Although the researchers did not characterize the bacterial communities present in the soil sample, they rationally hypothesized that microorganisms from the genera Geobacter, Shewanella, and Pseudomonas contributed to the electrical activity. Prior studies indicate that paddy soils naturally contain electrogenic bacteria belonging to these genera.

Next, the team added a light-emitting diode (LED) to the floatable biosensor assembly. The LED was able to harness the electricity produced by the electrogenic bacteria and visually indicate the level of organic contamination in the water samples under investigation. It started flashing when the chemical oxygen demand (COD)—a parameter used to measure the level of organic contaminants in water—exceeded the threshold value of 60 mg/L. In addition, the LED flashed at an increased pace when the COD significantly exceeded the threshold value.

Prof. Taguchi adds, “Because the FMFC biosensor produces its own electricity, it requires no external power supply. Moreover, it can be used in early detection systems that monitor influxes of organic wastewater in freshwater bodies.”

Mr. Trang Nakamoto and Mr. Dung Nakamoto, both from the College of Science and Engineering, contributed to the biosensor development.

In summary, the study authors designed, developed, and tested a 3D-printed and cost-effective FMFC biosensor that effectively monitors organic contamination in freshwater bodies.

Kudos to the research team for developing a novel biosensor that finds use in monitoring and safeguarding our freshwater ecosystems!

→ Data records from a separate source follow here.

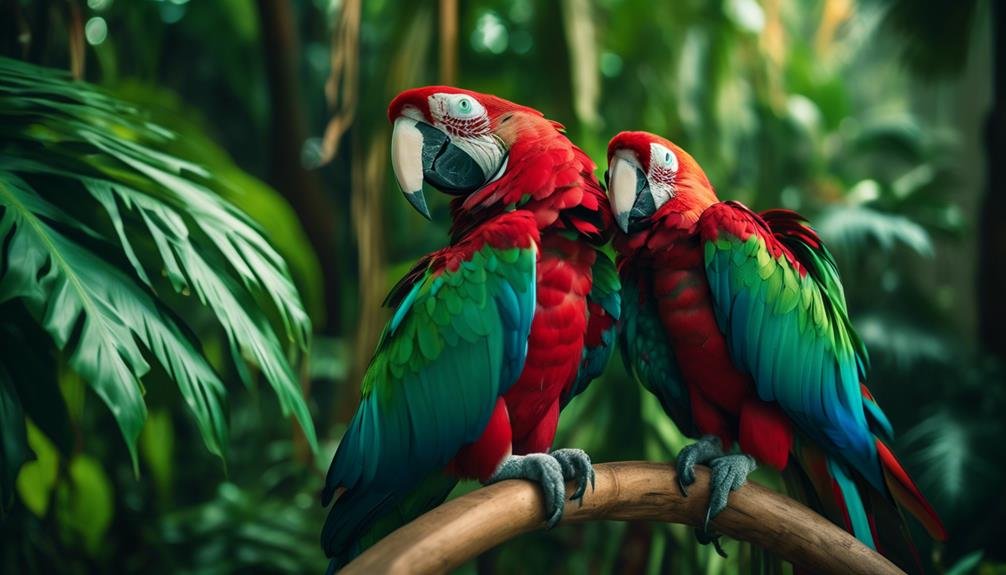 rare and vibrant macaw species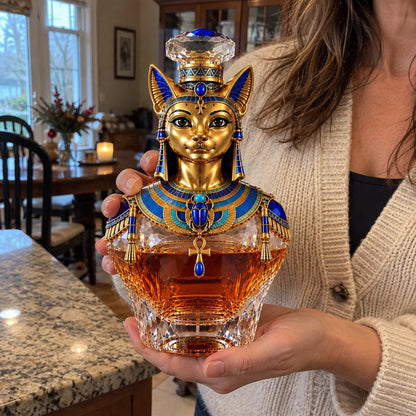🐈‍⬛🏺 Bastet Cat Goddess Decanter –Inspired Whiskey Decanter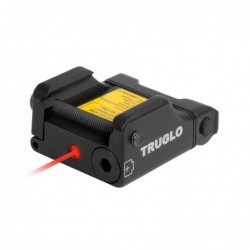Truglo Micro-Tac Laser, Fits Picatinny, Red Finish, Battery TG7630R
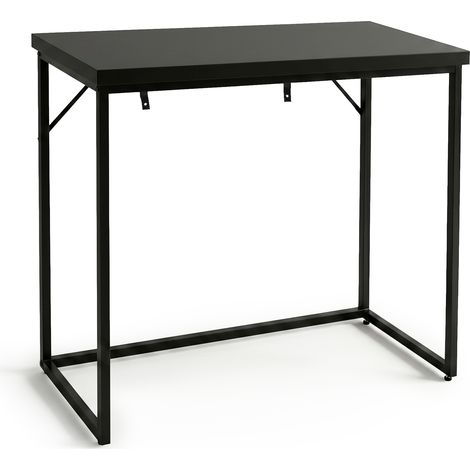 Konsolentisch Loft-Stil ORIGO 90 cm Schwarz Schwarze Beine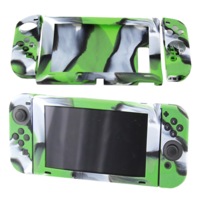 Silicone Cover For Switch + Joy Con - Black and Green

Title of original paper: Stand-alone floating microbial fuel cell-based biosensor for tracking organic pollution influx
Journal: Biochemical Engineering Journal
DOI: 10.1016/j.bej.2023.109087

About Professor Kozo Taguchi from Ritsumeikan University, Japan

Dr. Kozo Taguchi is a Professor at the College of Science and Engineering, Department of Electrical and Electronic Engineering, Ritsumeikan University. He received his Dr. Eng. degree in electrical engineering from Ritsumeikan University, Kyoto, Japan (1996). Dr. Taguchi’s laboratory primarily focuses on research related to high-performance energy exchange, energy-harvesting devices, sustainable materials/methods, biofuel cells, microfluidic cell-based devices, biosensors, dye-sensitized solar cells (DSSCs), quasi-solid/solid DSSCs, and hydrogen energy. Prof. Taguchi is a member of the Japan Society of Applied Physics and the Electrochemical Society of Japan. He has over 75 publications to his credit thus far.